この記事を読んでいる皆さまは、自己啓発本というやつを買ったことがあるるでしょうか?

え?無い?

それはいけない。ぜひ買ってみるべきです。本屋でちらっと立ち読みするだけでもよろしゅうございます。


最初の数ページだけでも、いえ賢い皆さまなら表紙を読んだだけもきっと、その真水のごとき味の薄さに驚愕されることでしょう。

情報の取得こそが本質であったはずの読書において革命的ともいえる情報量の少なさ、馬鹿にも分かるを通り越して馬鹿にしか分からないレベルの幼稚な論理展開、無責任を隠さずにむしろ押し出す勢いで断定を避けた当たり障りの無い結論

加えてただでさえ少ない情報をさらに削るために大した意味もなく挿入されるイラストと図によって、読み手の思考は限りなく停止に近い速度まで遅くなっていきます。

これらは文化人であらせられる皆さまにはおよそ未知の読書体験でしょうが、四捨五入すれば白紙と変わらないこのような書籍がこの世には本当に実在するのです。

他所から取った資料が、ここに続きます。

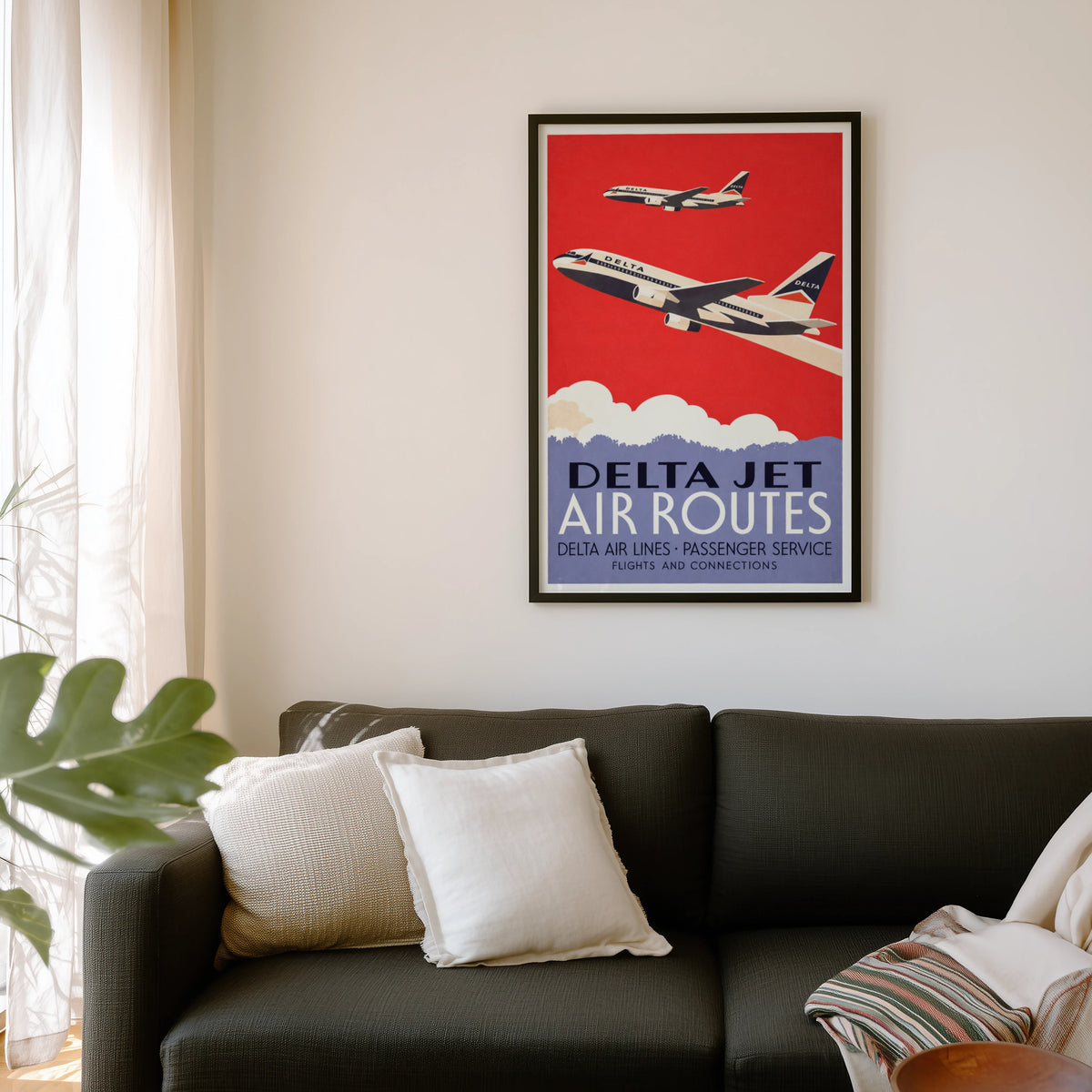 Vintage Delta Jet Poster, Airline Wall Art, Aviation Print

ええ、ええ、おっしゃりたいことは分かります。千円近く払って白紙を眺めるなんてど変態ではないかと、半額以下で自由画帳と鉛筆を買った方がましではないかと、そうおっしゃりたいのでしょう?

私もそう思います。

しかしそう思わない人間も世界にはいるのです。書籍が出版されているからには、買う物がいるということです。


ではこのような本を買う人間は、白紙を眺めて興奮する精神異常者なのかというと、これもそうではありません。文字列と情報の区別のつかない馬鹿というわけでもありません。(少しはいるかもしれませんが)


彼らがしているのはそもそも、読書ではないのです。


本を買っておいて読書をしないということはどういうことだとお思いでしょう。
アイドルの握手券がついていたり、著者へのお布施代わりになったりするのかと、そうではありません。

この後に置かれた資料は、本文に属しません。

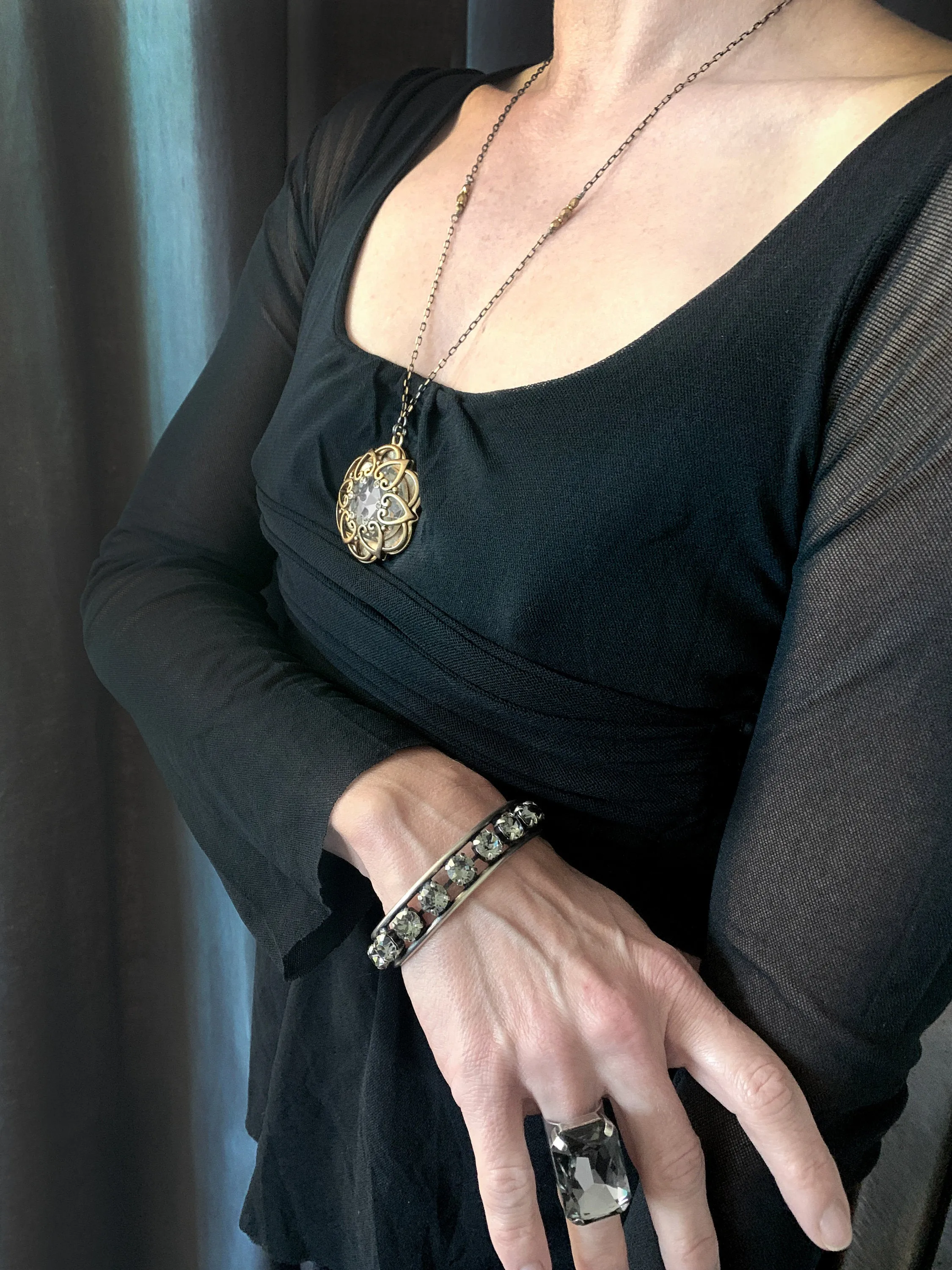 INNER LIGHT - Large Crystal Pendant with Antique Gold Mandala Cage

彼らは自己啓発本を用いて、つまり読むふりをすることで瞑想をしているのです。

自己啓発本の目的は、情報の入手ではなく、読んだ後、ハッピーな気持ちで行動を起こすことです。



読後感ではなく読後行動が自己啓発本の果実なのです。


一般的に本のジャンルはその本が載せている情報のカテゴリーによって分かれます。小説、歴史書、哲学、科学、図鑑。何の情報を載せているかがカテゴリー名になっているのです。

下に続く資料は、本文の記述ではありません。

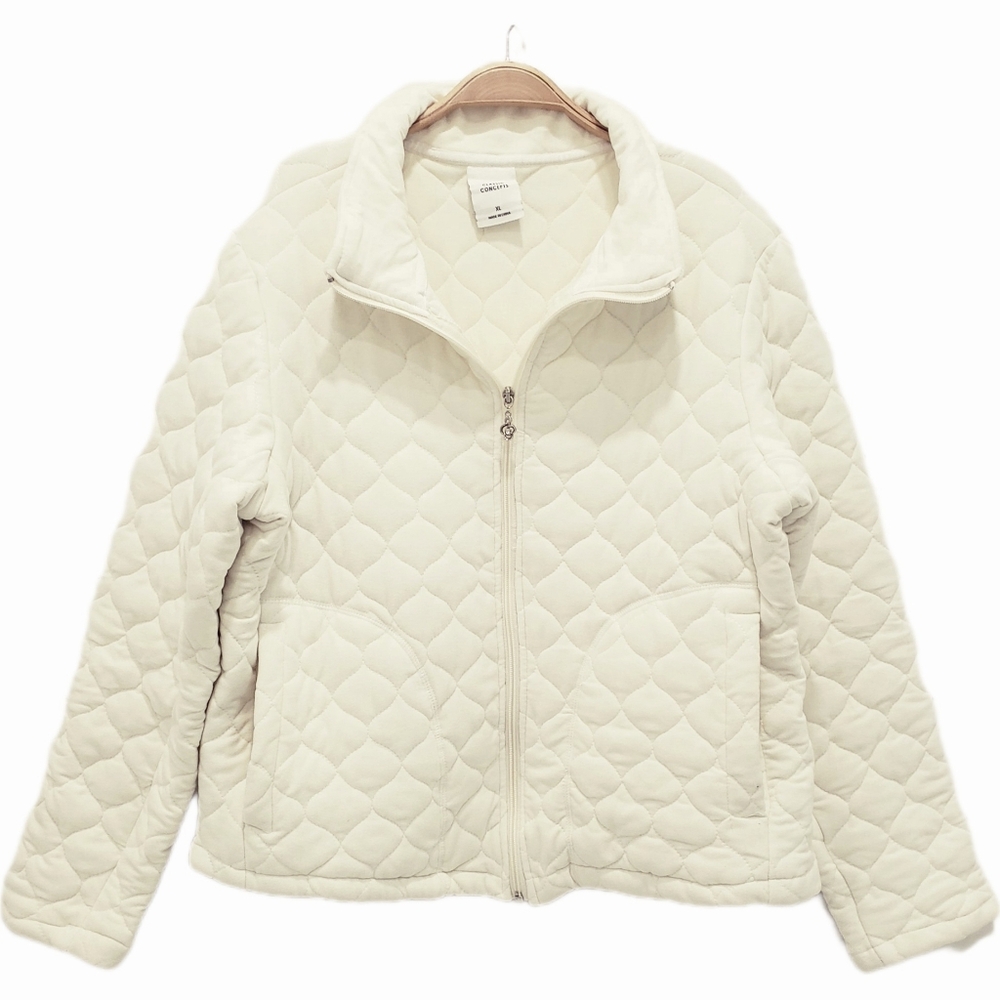 Classic Concepts Cream Quilted Jacket Sz XL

しかし自己啓発本は違います。内容自体は様々です。良く言えば網羅的、悪く言えば手あたり次第、しっちゃかめっちゃか、雑種雑多の支離滅裂でなんでもござれな展開をしていますが、いづれも自己啓発本と分類されています。


「自己啓発」、そう、自らを啓発するという読者の目的によって分類されているのです。
ほかのジャンルの本は内容のために購入されますが、自己啓発本は読後の効能のために購入されているのです。


勿論理解に苦しむでしょうが、決して彼らを馬鹿にしてはいけません。
博学たる現代人でいらっしゃる皆さんからしたら、情報を軽んずる自己啓発者たちはさぞ愚かに見えることでしょう。よくわかります。


しかし、この社会ではすでに情報は飽和しています。インターネットでほぼ無料であらゆる情報が集められる現代では、読書はすでに情報収集の手段としての絶対的地位から陥落しているのです。


であれば、読書に情報以外の無いかを求めるのは決して不自然ではありません。自己啓発者たちは読書の新たな用法として、ヨガや座禅のような自己催眠装置としての道を見つけ出すことで、インクの付いたただの紙を十字架にも数珠にも変えることを可能にしたのです。



情報源としての従来の役割をインターネットに大きく奪われている現状を鑑みると、読書をある種の精神統一のための儀式へと変えた自己啓発者たちは、今まさに読書の新地平を切り開いている最中であり、読書界の開拓者といっても過言ではありません。



彼らの熱きフロンティアスピリットこそ、今の出版業界が思い出すべき初心なのではないかとも私は思うのです。


え?結局どっちの味方か?


それは勿論、皆様です。自己啓発本なんて馬鹿の買う本です。

知的な価値を捨てた自己啓発本は知的階級であらせられる皆様には間違いなく必要のない本です。


自己啓発本は知識を求める者のためではなく、行動したくても自分で始められない者のための本であり、つまるところは馬鹿のための本です。それは本当に間違いない。


そしてタイトルにもある通り、内容は嘘の方が良い。事実は小説より奇なりと言いますが、自己啓発本を読む馬鹿者は現実の奇を楽しむのに十分な感性なんて持ち合わせていないことがほとんどですから。できるだけわかりやすい、かつ印象的な嘘の方がより大きい「効能」を示すことができるでしょう。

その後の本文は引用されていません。